Start of MATERIAL PROVIDED
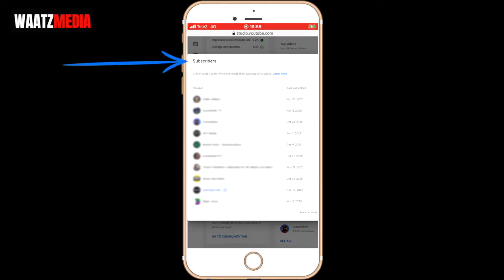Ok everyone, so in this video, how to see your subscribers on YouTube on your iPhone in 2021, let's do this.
End of MATERIAL PROVIDED
Start of MATERIAL PROVIDED
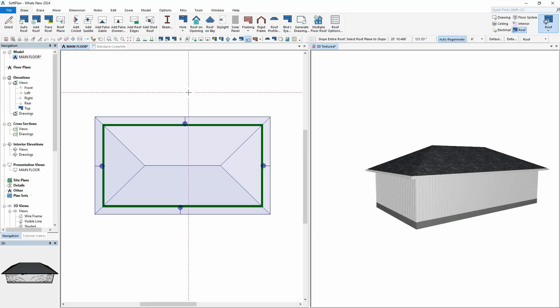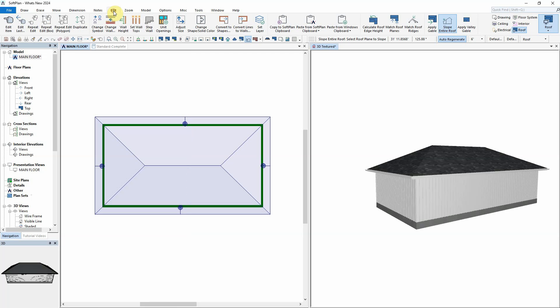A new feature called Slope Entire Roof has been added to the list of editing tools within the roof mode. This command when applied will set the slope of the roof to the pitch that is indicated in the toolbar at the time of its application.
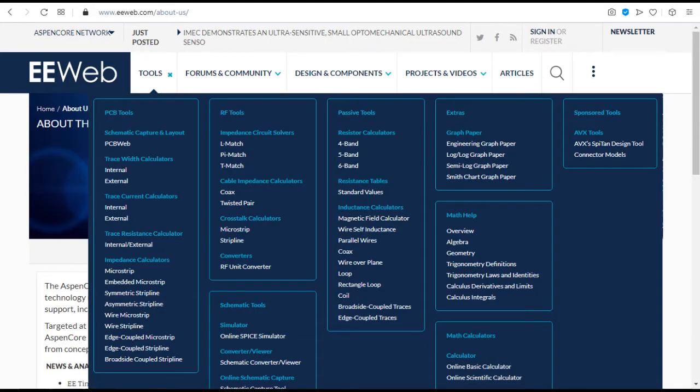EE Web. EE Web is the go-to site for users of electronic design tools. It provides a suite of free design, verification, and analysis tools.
End of MATERIAL PROVIDED
Start of MATERIAL PROVIDED
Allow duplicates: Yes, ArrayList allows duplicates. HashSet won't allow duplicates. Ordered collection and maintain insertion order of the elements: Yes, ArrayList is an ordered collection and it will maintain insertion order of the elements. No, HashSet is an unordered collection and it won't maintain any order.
End of MATERIAL PROVIDED
**PROBLEM DESCRIPTION**
Where a picture appears in the records above, omit it, and transcribe exactly the stretch of lines from the one with "A new feature" through the one with "EE Web. EE Web".

**RESPONSE**
A new feature called Slope Entire Roof has been added to the list of editing tools within the roof mode. This command when applied will set the slope of the roof to the pitch that is indicated in the toolbar at the time of its application.
EE Web. EE Web is the go-to site for users of electronic design tools. It provides a suite of free design, verification, and analysis tools.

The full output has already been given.